- Born: 1960
- Died: 3 January 2024 (age 63)
- Education: University of Regensburg, New York University
- Occupations: Professor, scientist

= Sophie Wuerger =

British Color perception researcher (1960-2024)

Sophie Wuerger (1960 – January 3, 2024) was a color perception researcher and psychology professor at the University of Liverpool.

== Biography ==
Wuerger was born in 1960. She earned a degree in Experimental Psychology from the University of Regensburg in Germany. She obtained her PhD from New York University (NYU) in 1991, advised by Michael Landy and John Krauskopf. Wuerger then completed two postdoc positions, at NYU and the Institute of Ophthalmology, before becoming a lecturer at the University of Keele. In 2003, she moved to the University of Liverpool, and received a personal chair there in 2013, becoming a professor. Overall, she advised more than 13 PhD students and 15 research fellows. At Liverpool, she led the Psychology Department's Clinical and Cognitive Neuroscience group. She was additionally an honorary professor at the University of Science & Technology, Liaoning in Anshan, China.

Wuerger's research specialty was the neural representation of color space models. During her NYU postdoc, she showed that the geometry of color space did not fit a simple Euclidean model. In a later work, she showed that color signals from the retina must undergo a non-linear translation in the brain. She then focused on changes to color perception related to aging, showing that while color signals change, color perception remains largely constant. Wuerger used both modeling methods and applied work via fMRI and EEG scans during her work. In 2020, Wuerger and her collaborators touched on American politics in their work when they analyzed Donald Trump's skin color from publicly available images. They found that Trump's tan was most consistent with a sunless skin tan, and a viral 2020 Twitter image purporting to show his tan line was likely digitally distorted. Wuerger has also worked on multisensory perception, with recent work on how smell impacts color perception.

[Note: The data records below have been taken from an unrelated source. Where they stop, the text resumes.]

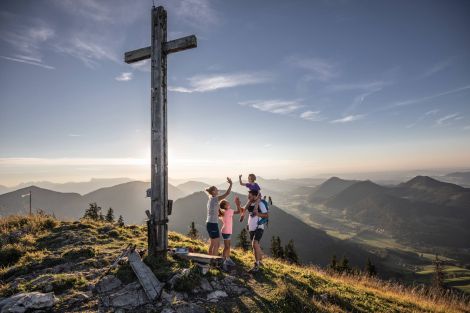 zwei Frauen beim Wandern an einem sonnigen Tag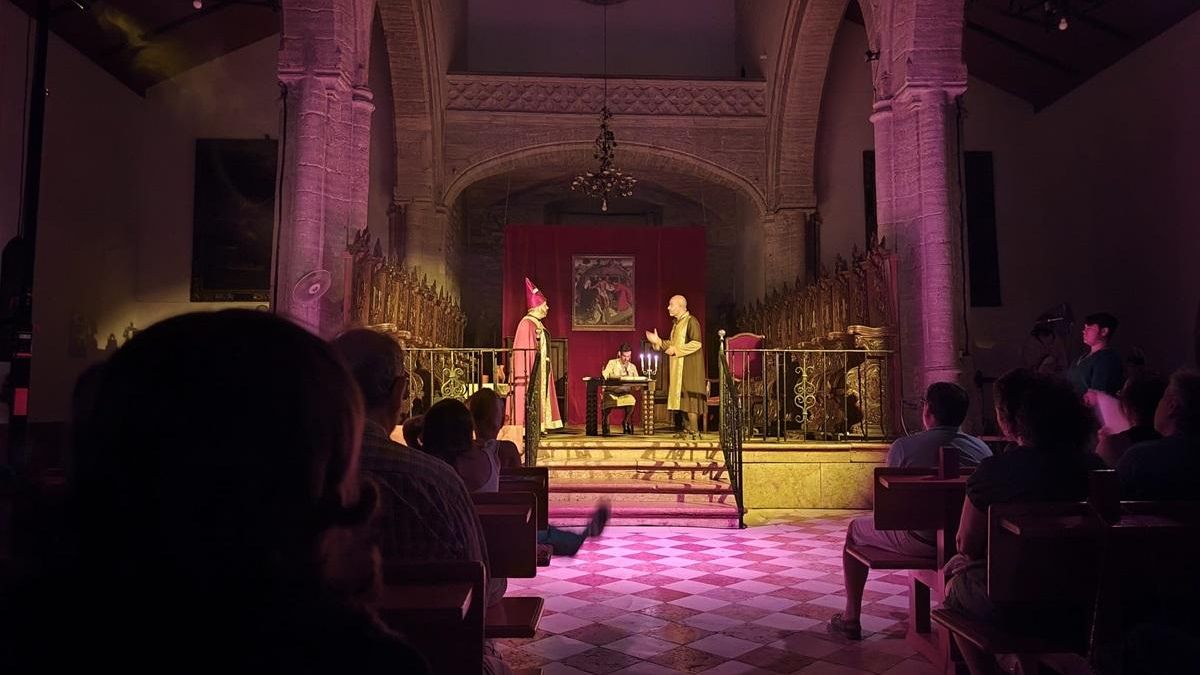 Primera escena en la parroquia del Soterraño, con la aparición del obispo de Córdoba, su escribano y Yáñez Dovinal, tras la adjudicación del señorío.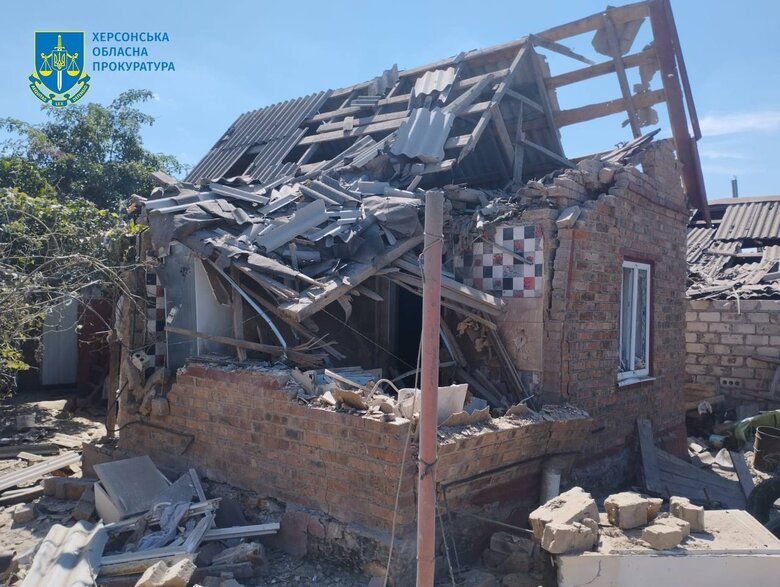 Росіяни обстріляли житловий будинок у Херсоні, постраждала жінка 02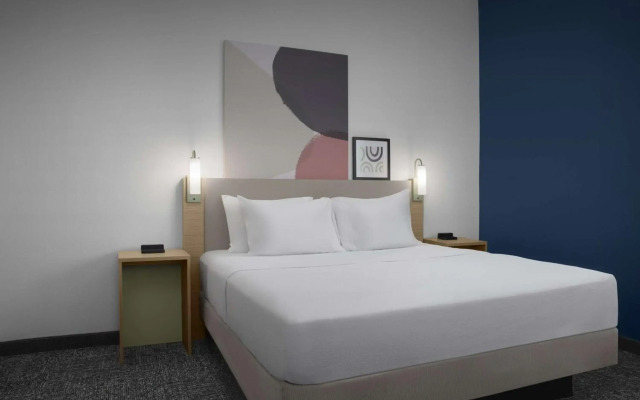 Spark by Hilton Miami Doral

Wuerger's professional service included helping to organize the International Color Association (AIC) 2013 meeting, the European Conference on Visual Perception in 2015, and alternated organizing Colour Group meetings. She served on the editorial boards of Perception, Multisensory Perception, and Vision Research. She volunteered to help organize the second Women in Vision UK meeting in 2018. In 2023, she was invited to deliver the Palmer Lecture to the Colour Group (GB).

== Personal life ==

Wuerger's husband was Georg Meyer: they had two children together, Charlotte and Henry. Wuerger died while undergoing cancer treatments.